L’individualisation croissante promet des libertés où l’on peut prendre des décisions en dehors des constructions sociales externes, et en même temps une dynamique sociale globale et démocratisante. Étant donné que l’individualisation minimise la pertinence de la stratification des classes en tant que construction externe, il n’est pas surprenant que les individus soient moins susceptibles de se soumettre à une bureaucratie économique liée à la classe à la fin de la modernité. Ceci est particulièrement pertinent pour la Grande Démission si l’on considère les principaux facteurs de la Grande Démission identifiés par le modèle prédictif de Donald Sull, Charles Sull et Ben Zweig (2022), qui sont tous directement liés au bien-être personnel des employés.
Facteurs déterminants de la grande démission : environnement de travail toxique
Donald Sull, Charles Sull et Ben Zweig (2022) ont constaté qu’une culture d’entreprise indésirable est le principal facteur de démission, à tel point que son impact sur le taux d’attrition d’une entreprise est 10,4 fois plus important que celui de la rémunération. Parmi les exemples de pratiques toxiques des entreprises, citons l’incapacité à promouvoir la diversité, l’équité et l’inclusion, le manque de respect envers les travailleurs et les comportements contraires à l’éthique (Sull et al, 2022). Lorsque la culture d’entreprise est indésirable, les employés ont tendance à chercher un emploi ailleurs.
En outre, lorsque les performances des employés ne sont pas reconnues au sein de l’entreprise – à la fois de manière informelle et financière – des recherches ont suggéré qu’ils sont plus susceptibles de quitter l’entreprise (Sull et al, 2022). Les salariés très performants sont les plus susceptibles d’être mécontents du manque de reconnaissance de leurs efforts, ce qui conduit les entreprises à perdre leurs travailleurs les plus productifs lors de la grande démission.
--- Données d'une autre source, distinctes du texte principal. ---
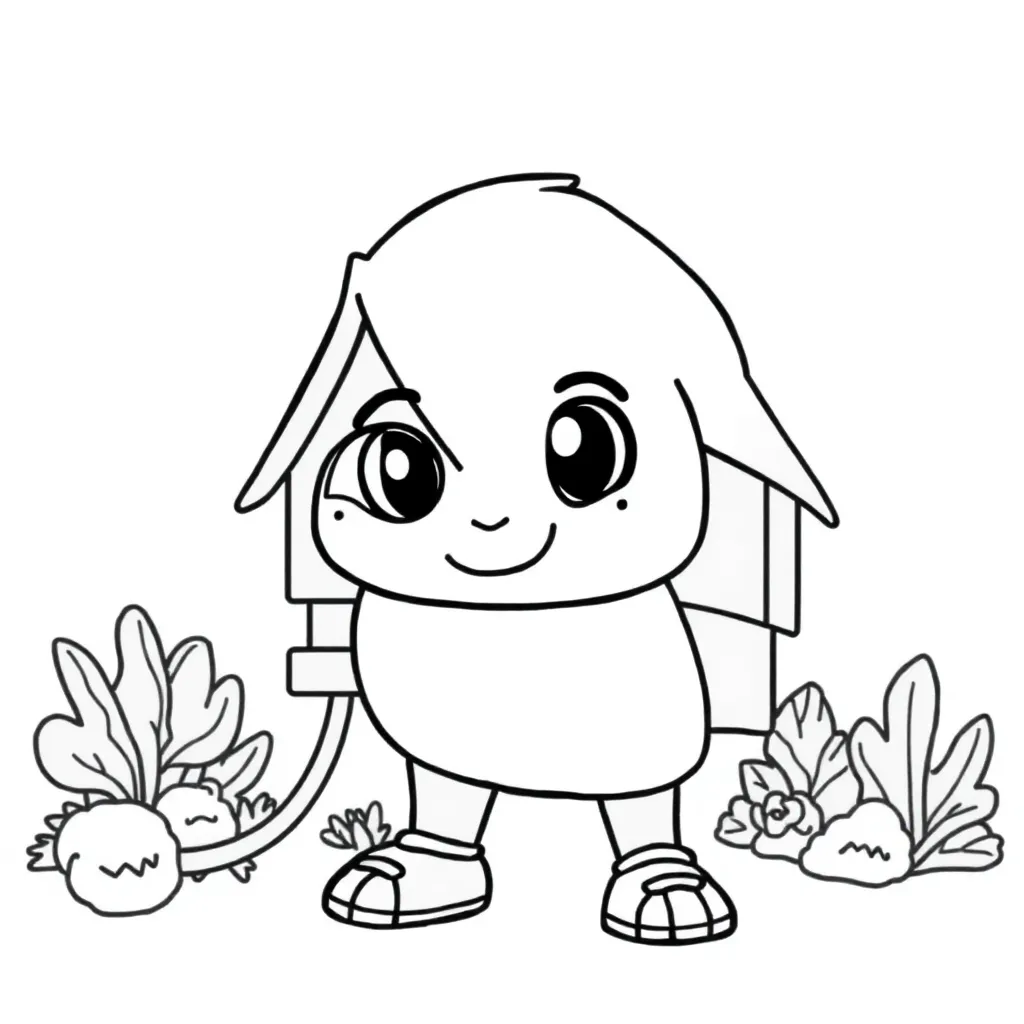 coloring page for children
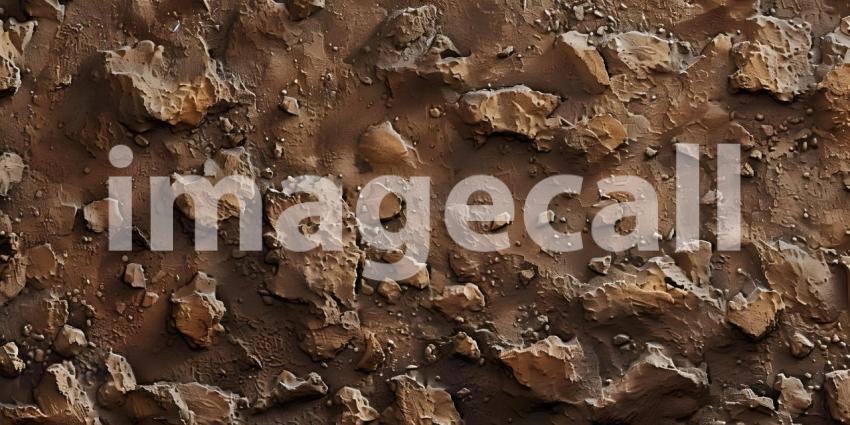 Brown Soil Background Clasp - Ai Generated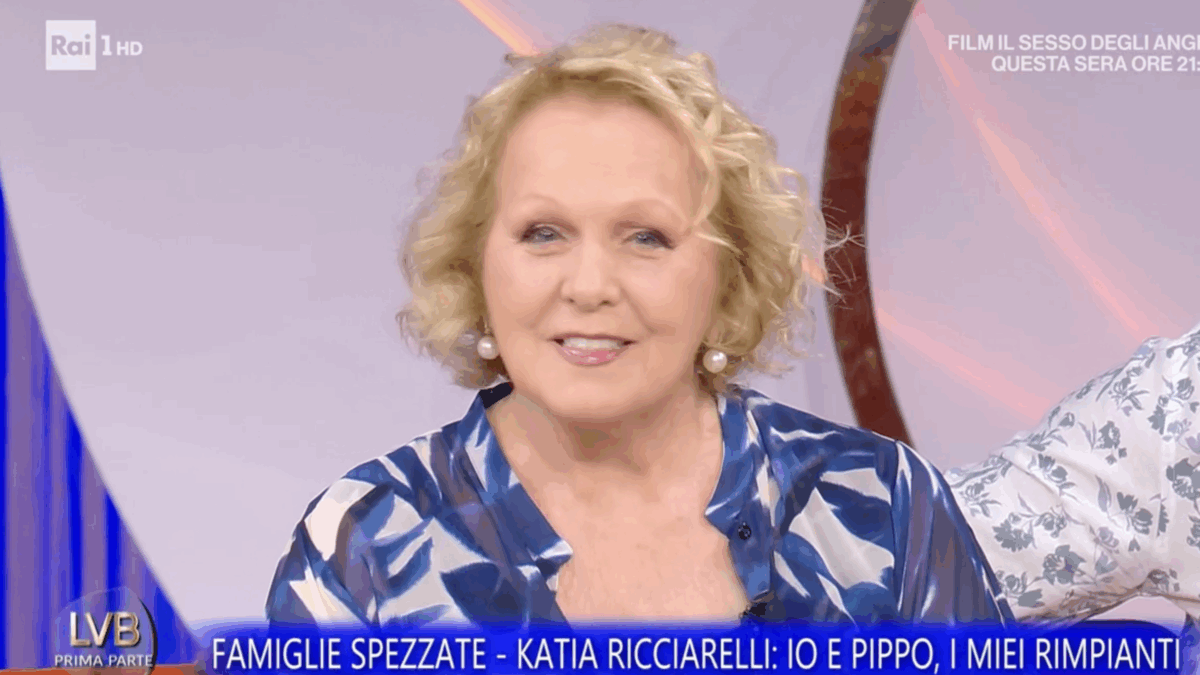 “Io giravo molto, Pippo Baudo stava spesso a casa. Quando tornavo a casa era difficile ritrovare il filo con silenzi infiniti, la cosa peggiore”: così Katia Ricciarelli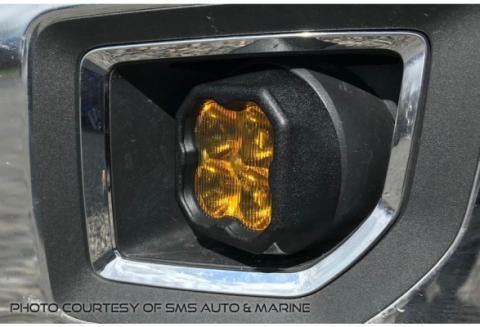 SS3 LED Fog Light Kit for 2007-2009 Ford Escape Yellow SAE Fog Pro w/ Backlight Diode Dynamics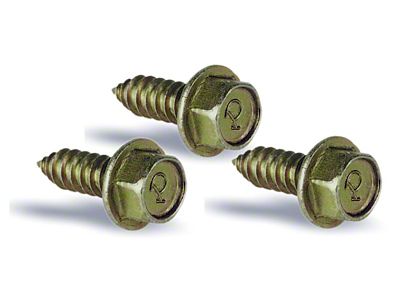 Moroso Wheel Rim Screws - Grade 8 Steel - Gold - 90100
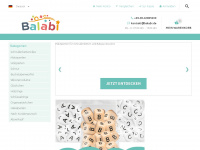 balabi.de Webseite Vorschau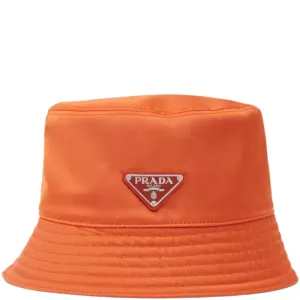Prada Black Nylon Bucket Hat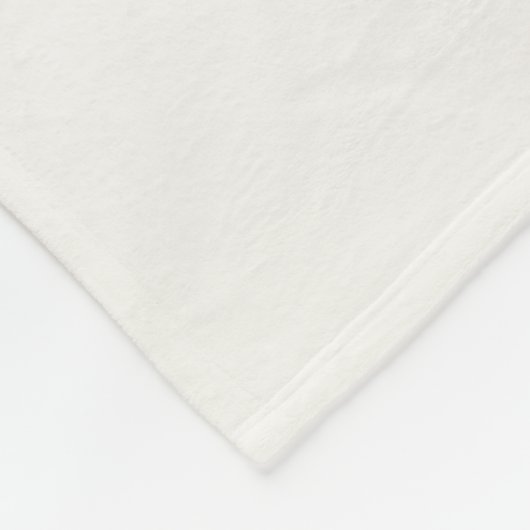 Merry & Bright Drehbuch Text rot und weiß Weihnach Fleecedecke (Ecke)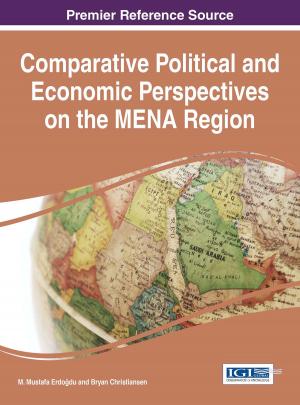 Cover of the book Comparative Political and Economic Perspectives on the MENA Region by M. Gordon Hunter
L’épuisement professionnel et la charge de travail intense dans des entreprises au rythme effréné constituent un autre facteur de démission. L’indice prédictif a montré que 36 % des personnes interrogées pensent que leurs managers sont épuisés, 40 % se considèrent comme épuisés et 45 % pensent que les autres membres de l’équipe sont également épuisés (Olvera, 2021). Parmi toutes les industries, les taux d’attrition des entreprises innovantes, telles que Nvidia, Tesla et SpaceX, sont trois écarts types plus élevés que ceux de leurs industries respectives (Sull et al, 2022). Cela s’explique probablement par le fait que les entreprises innovantes demandent généralement à leurs employés de faire plus d’heures, de travailler à un rythme plus rapide et d’endurer plus de stress. À l’instar du secteur de l’innovation, les professionnels de la santé et de l’éducation ont également fait état d’un taux élevé d’épuisement professionnel. Les infirmières font état d’un manque de personnel et d’un désir de stabilité émotionnelle pendant la pandémie (Fry, 2022). Les éducateurs ont affirmé que le stress, l’augmentation des niveaux d’épuisement professionnel et la pénurie d’assistants augmentaient la charge de travail et entravaient leurs recherches (Poindexter, 2022).
La corrélation directe de ces facteurs avec le bien-être personnel – plutôt qu’avec des facteurs économiques et structurels – a permis de comprendre l’évolution des mentalités des salariés et la manière dont l’individualisation motive la grande démission.
L’avenir de la main-d’œuvre : comment considérer la grande démission ?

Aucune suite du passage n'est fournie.